### What to do:
Repeat exactly the lines of the material below that run from the "a living room" line to the "Halvfärdig trähytt under" line, including both, and do not carry over any pictures.

### Exercise data:
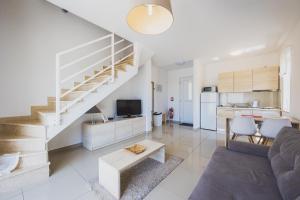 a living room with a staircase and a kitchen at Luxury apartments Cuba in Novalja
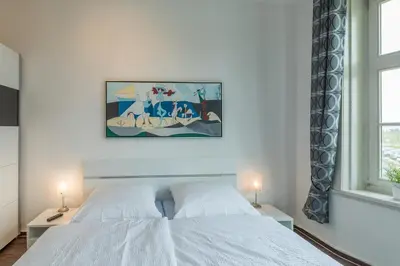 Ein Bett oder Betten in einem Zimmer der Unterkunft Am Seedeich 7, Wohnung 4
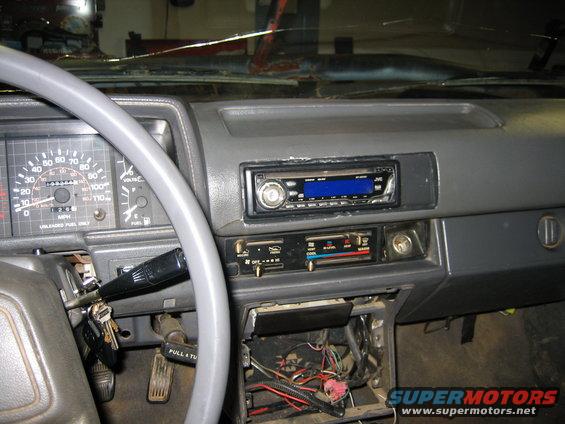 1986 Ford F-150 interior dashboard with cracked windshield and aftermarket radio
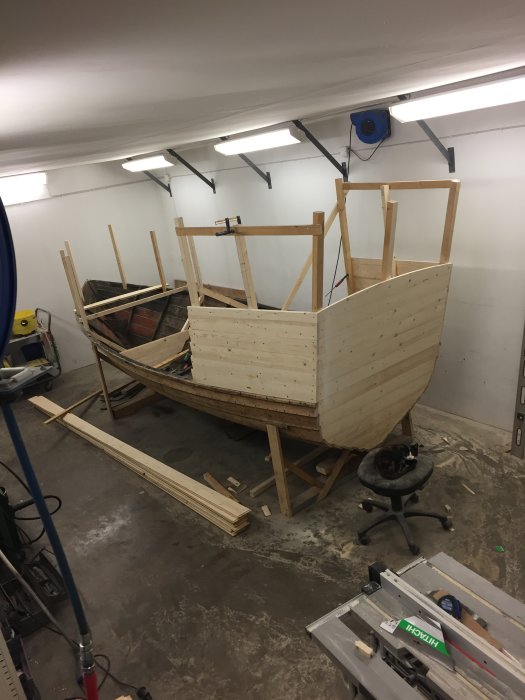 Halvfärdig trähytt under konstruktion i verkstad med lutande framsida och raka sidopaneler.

...

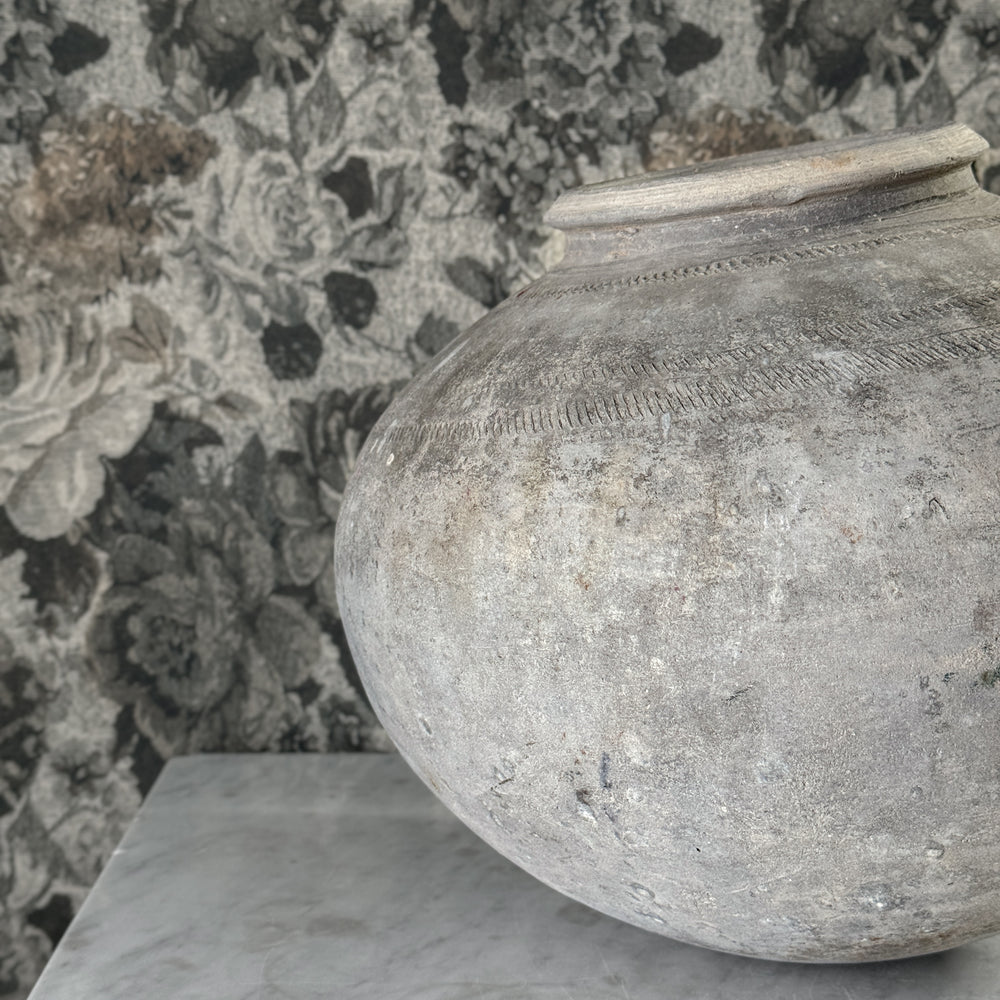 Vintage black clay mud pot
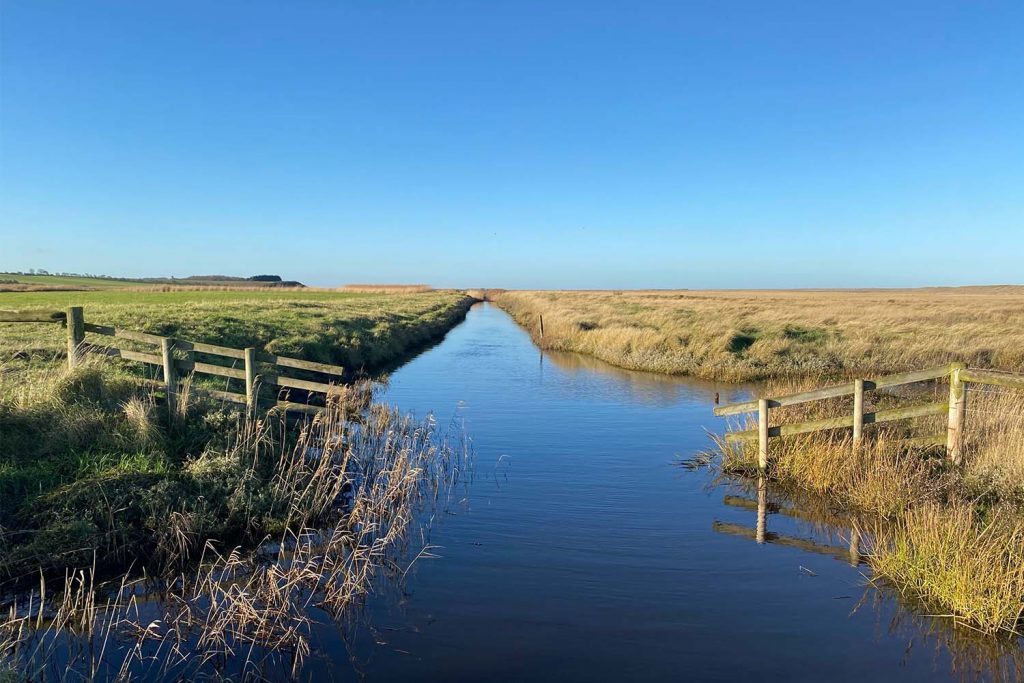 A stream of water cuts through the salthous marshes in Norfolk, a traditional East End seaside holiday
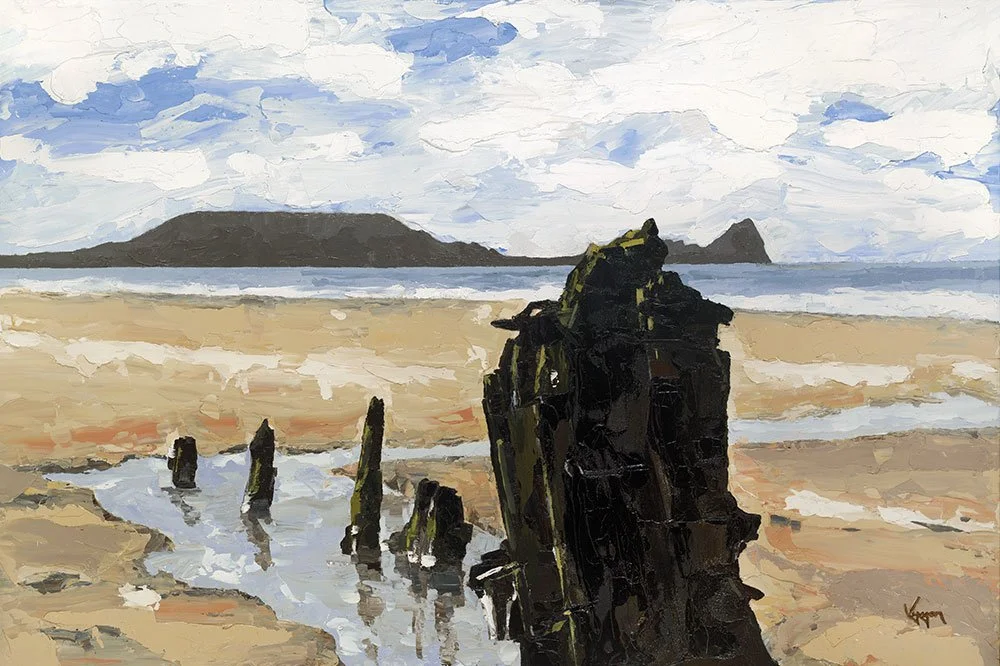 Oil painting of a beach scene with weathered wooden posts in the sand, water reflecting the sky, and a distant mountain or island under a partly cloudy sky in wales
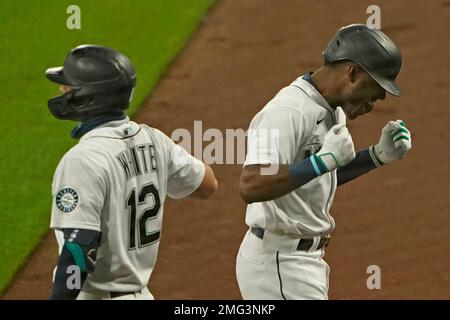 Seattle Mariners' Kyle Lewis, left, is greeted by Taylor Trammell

### Finished task:
 a living room with a staircase and a kitchen at Luxury apartments Cuba in Novalja
 Ein Bett oder Betten in einem Zimmer der Unterkunft Am Seedeich 7, Wohnung 4
 1986 Ford F-150 interior dashboard with cracked windshield and aftermarket radio
 Halvfärdig trähytt under konstruktion i verkstad med lutande framsida och raka sidopaneler.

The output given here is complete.